After I got the device setup, I was prompted by the app to update the firmware on the WeMo as there was a newer one available.  This is where I began to quickly learn how buggy the firmware and app are.  I accepted the app to let the WeMo download the firmware.  At this point it instructs you that you can close the app, that the WeMo is downloading the firmware direct (indicated by flashing blue light) and will take about 10 mins to complete, at which time the WeMo will reboot and be ready for use.  I left the app open just the same, and went off to get a coffee.  When I got back I saw the WeMo was done the firmware upgrade, but instead of a steady blue light (indicating on) or no light at all (indicating off), I was presented with a blinking amber light.  It would seem this may have multiple meanings, but the initial one I found was that the device was not able to conenct to wifi or is still trying.  Checked the router and it confirmed the WeMo was not connected, having been connected and assigned an IP prior (since it had finished setup and had downloaded the new firmware).  I checked the phone app and it indicated the device was "firmware upgrading".  Unplugging it and plugging it back in proved futile.  I quickly learned of the restore procedure to try to trigger the device to restore to factory state.  So, went through the initial setup again, assigning the device a new name, giving it the network password etc.  This time at the completion of the setup, instead of letting me see the state of the switch in the app, it said the device was "firmware upgrading".  I had used a different name the second time, and it was the second named switch that it was in belief was firmware upgrading, whereas looking at the device, no said activity was underway.  Closed the app and started it again, and it was able to see the on/off state of the app correctly.

So, as you can see, both the app and the WeMo firmware are buggy, and I'll be more apprehensive on updating the firmware in the future.  Because it was freshly out of the box, I tend to take on more risky behaviour such as updating firmwares since I can just turn around and head back to the store to return the bricked device.  Had I updated in weeks or months following, I'd be at the mercy of the manufacturer RMA procedure.  

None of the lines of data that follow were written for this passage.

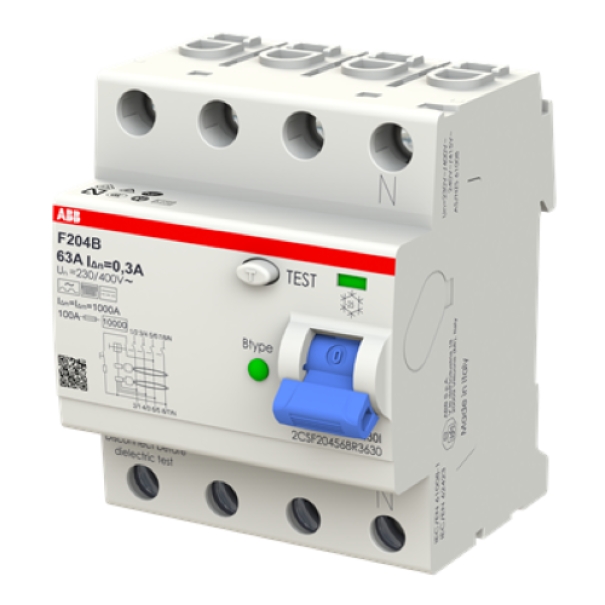 dettaglio interruttore differenziale puro abb 63a tipo b per quadri elettrici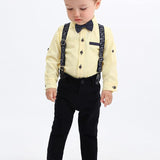 Boys cotton suit with shirt, pants and suspender set; perfect for baby boy clothes & christmas gift ideas  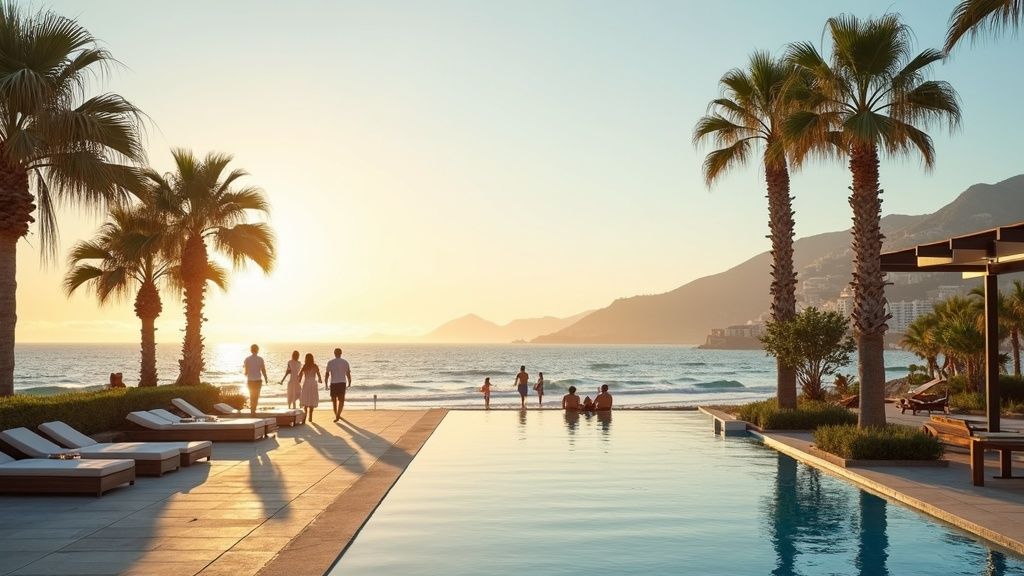 Coastal lifestyle Costa del Sol: beach promenade, palm trees, sea, golden light, természet közelsége Costa del Sol.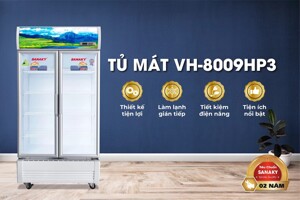 Tủ mát Sanaky 2 cánh 800 lít VH-8009HP3 tính năng hiện đại kết hợp hiệu năng mạnh mẽ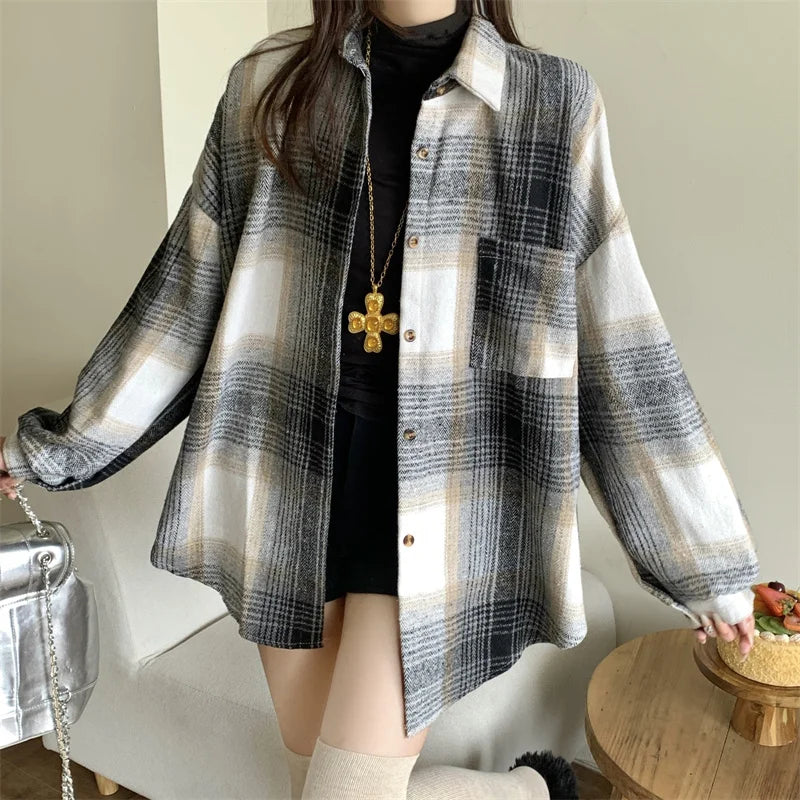 Zjaiss Women Thick Woolen Plaid Blouse Loose Long Sleeved Tops 2025 Autumn Winter New Casual Shirt Long Shirts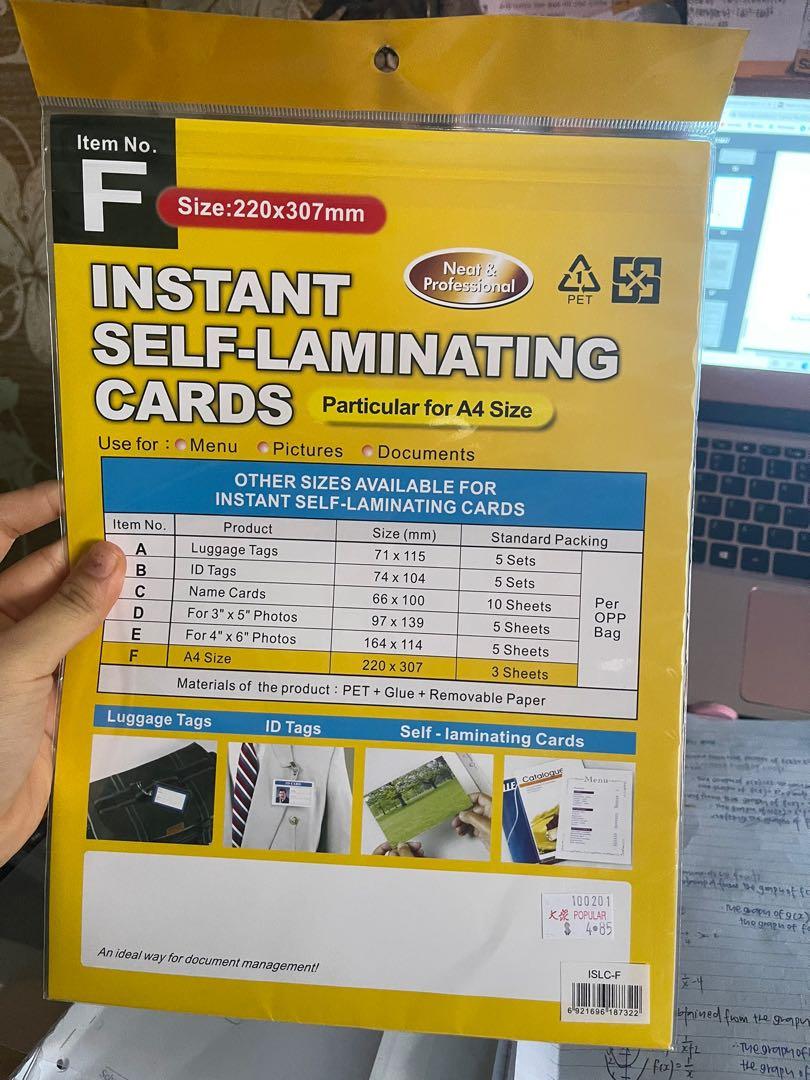 Laminating Cards A4, Hobbies & Toys, Stationery & Craft, Stationery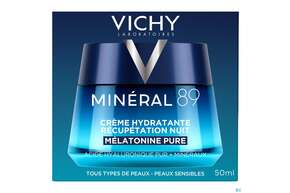 Sie sehen eine Packung Vichy Mineral 89 Nachtcreme 50ml, Produktbild: 01 Vichy Mineral 89 Nachtcreme 50ml, A-Nr.: 5911114 - 01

Setup was easier for IFTTT.  Activating the WeMo channel in IFTTT just involved providing it the  unique identifier number that the phone app provided so IFTTT could locate and use the WeMo.  I didn't have to open any firewall ports, etc.  Either the WeMo is pulling the requests or it is opening a port on the firewall itself.  I'll look into the details someday.  I'm interested in seeing what the packets look like going between IFTTT and the WeMo.

  • IFTTT support
  • the latency is minimal; within 1-2 seconds of triggering a power toggle on the app or in IFTTT, the WeMo is toggled
  • this speaks more to IFTTT itself, but the time between emailed hash-tag emails to invoke the WeMo are processed usually around 5 seconds after the email request departs
  • survives power failures with settings preserved
  • pricey (around $40 - $50)
  • firmware update process is buggy
  • requires the phone app for at least the initial setup
  • users report problems with network passwords with non alphanumeric characters
  • almost guaranteed to have problems with enterprise networks (such as ones that requires LEAP etc)
  • no surge protection; designed to fit outlets, not power-bar friendly, but it contains no surge protection and the huge footprint of the device causes hindrance plugging it into outlet surge protectors
  • unless your outlet plug sits flush with the surrounding wall, or extends out a bit, the overhanging of the switch will cause problems
  • causes havoc with powerbars; the footing is larger than power bricks, so even when a powerbar (or in my case APC UPS) has a "power brick outlet" to eliminate impact of a power brick on adjacent outlets, the footing still causes problems, barely allowing a two prong cable to clear (see picture of my setup)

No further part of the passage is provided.